Manpower planning to meet the growing needs

Creating enough jobs of the right kind in NM requires thinking about manpower planning and training, otherwise there could be a mismatch between needs and availability. Science and technology (S&T) experts are critical to upgrading Hong Kong’s I&T capabilities so that Hong Kong and Shenzhen would take a step forward as a larger I&T hub. The government needs to ensure schools and universities produce young S&T talent to support the targeted I&T industries, such as in artificial intelligence, biotechnology, cybersecurity, fintech, and green technology, as the I&T sector expands.

While the Hong Kong government has dedicated substantial funding to promoting I&T, including funds to help start-ups – it could consider greater involvement of professionals in the I&T sector to identify projects to support and reduce red tape in the administrative process. For example, the Hong Kong and Science Technology Park (HKSTP) is currently offering a wide range of programs. For example, the Technology Leaders of Tomorrow (TLT) program is designed for bright young minds who aspire to become future I&T leaders in Hong Kong, while a range of Incubation and Acceleration programs are tailored for companies in early to pre-IPO stages. There are government funds to help enterprises recruit STEM talent, conduct in-house R&D, upgrade production lines, test products, and develop marketing strategies. The government may wish to see how to further leverage the skills and knowledge of such public institutions as HKSTP so expedite the R&D and commercialization process.

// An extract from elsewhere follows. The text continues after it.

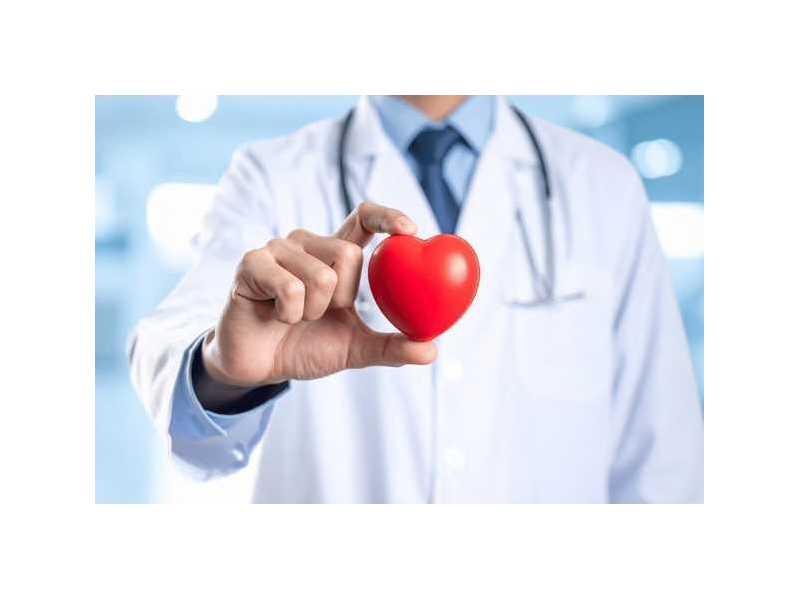 advanced-heart-care-at-guwahati-best-cardiology-hospital-small-0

Finally, talent whether stationed in Hong Kong or Shenzhen-Guangdong should be able to move easily across the boundary, and overseas talent can also come and go easily so that the region could be a lively and diverse I&T hub. It should be possible to simplify the work visa application process by strengthening collaboration between government departments responsible for immigration and I&T development. Moreover, facilities and policies which assist expatriates in adapting to the local lifestyle may make Hong Kong more attractive to excellent talent from around the world.

 

Collaboration between all actors in the society

The NM project not only needs talent from diverse backgrounds, it also needs collaboration between all actors across the society. The government could deliver a positive message to the public and take the lead to establish communication channels between different stakeholders and professionals. Experts regardless of whether they are from the public or private sector should be encouraged to provide constructive ideas which are beneficial to the development of the city.